Los abogados solemos ser “institucionalistas” frente al poder de los jueces. Es decir, solemos posicionarnos a su favor cuando alertamos riesgos a su poder y posición. La educación jurídica del país, en gran medida, fortalece e incentiva este discurso ya que está acompañada de una retórica que sacraliza el papel del juez y de las decisiones como un antídoto ante los constates cantos de sirena que agitan las democracias. No es casual que las presiones públicas en contra de jueces y cortes se entiendan, a los ojos de nuestro gremio, como una poderosa amenaza que afecta el valor más preciado y prevalente de nuestra institucionalidad: La autonomía judicial.
Por supuesto, los jueces han sido vitales en nuestra historia. Han modulado el poder y les han dado forma y materia a nuestros derechos. Sin embargo, su importancia no implica que debamos sustraerlos de las presiones públicas a la están sometidos como participes del gobierno. Los jueces no gobiernan como lo hacen los presidentes o los ministros, pero si participan del gobierno en la medida que toman decisiones con hondos efectos sociales y políticos. No solo decisiones electorales, como elegir el Fiscal General de la Nación, sino también decisiones sobre cómo entender nuestra Constitución y los valores que la caracterizan -que son, tal vez, los actos más importantes en la vida común–. Por eso, con mucha razón, decía Eugenio Zaffaroni que las sentencias son “actos de gobierno judicial”.

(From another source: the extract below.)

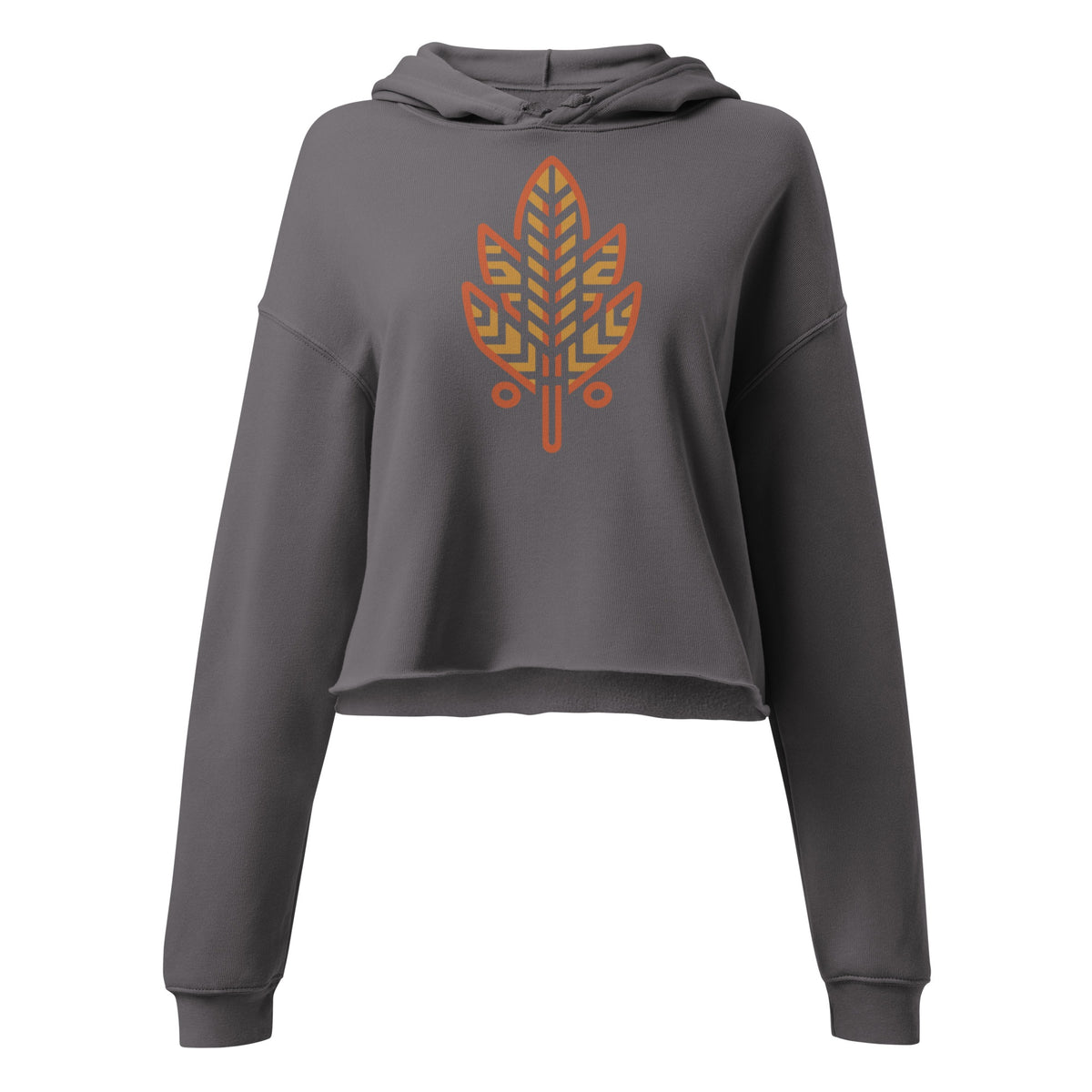 indian feather–inspired crop hoodie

El institucionalismo de nuestro gremio ha sido muy eficaz en promover la idea de que los jueces deben actuar en un vacío, casi solemne, de espaldas a la sociedad y en la soledad de los pasillos de la justicia. En ese vacío se deben producir las decisiones, porque es ahí donde se encuentra la autonomía y la neutralidad. La sociedad, en consecuencia, les debe ese espacio; se lo debe al derecho. Esta es una visión elitista y restringida que posiciona al juez por fuera y por arriba de la sociedad.
Sin embargo, hay otras formas de pensar la labor judicial que son menos “elitistas” y mucho más democráticas en donde el derecho este al servicio de la sociedad. La clave de esta visión es pensar que el juez no puede actuar a espaldas de lo que sucede en el mundo, sino que debe ser un participe y, en muchos casos, un gran incentivador y protector de las conversaciones políticas y sociales. Esta posición, como es natural, exige que los jueces sean sensibles a las movilizaciones sociales y que adopten una posición más abierta y menos restrictiva con demandas de la ciudadanía. Es invertir el axioma; antes que la sociedad le deba al derecho, que el derecho le pague las deudas a la sociedad.
El “sitio”, -como lo titularon varios medios de comunicación– que lamentablemente experimentó la Corte Suprema de Justicia la semana pasada, que mantuvo confinados a los magistrados durante horas, ha alentado al gremio jurídico a afilar líneas en favor de la autonomía y supuesta neutralidad de los jueces. La agresión que sufrieron los magistrados y magistradas, condenable y innecesaria, es la fractura en la posibilidad de razonar colectivamente y distorsiona las principales demandas de quienes rodearon a la Corte. Sin embargo, no impide que le sigamos pidiendo al derecho que pague sus deudas y nos de su mejor versión.
Que le pidamos a los jueces que el ritmo de la justicia tenga en cuenta las necesidades sociales; que se cumplan los plazos y que la justicia no se dilate innecesaria, ni interminablemente; que el ejercicio de la autonomía judicial sea responsable y no una martillo para aplastar cualquier cuestionamiento a su labor; y, principalmente, que los jueces no caigan en la trampa de calificar a la ciudadanía y a su reclamos como una fuente de inseguridad ante su posición y poder sino, más bien, en su razón de ser. Tal vez así, con un derecho y unos jueces abiertos a discusiones ciudadanas, la justicia y el derecho, como actos de gobierno, se conviertan en un patrimonio social y no en el dominio de unos cuantos.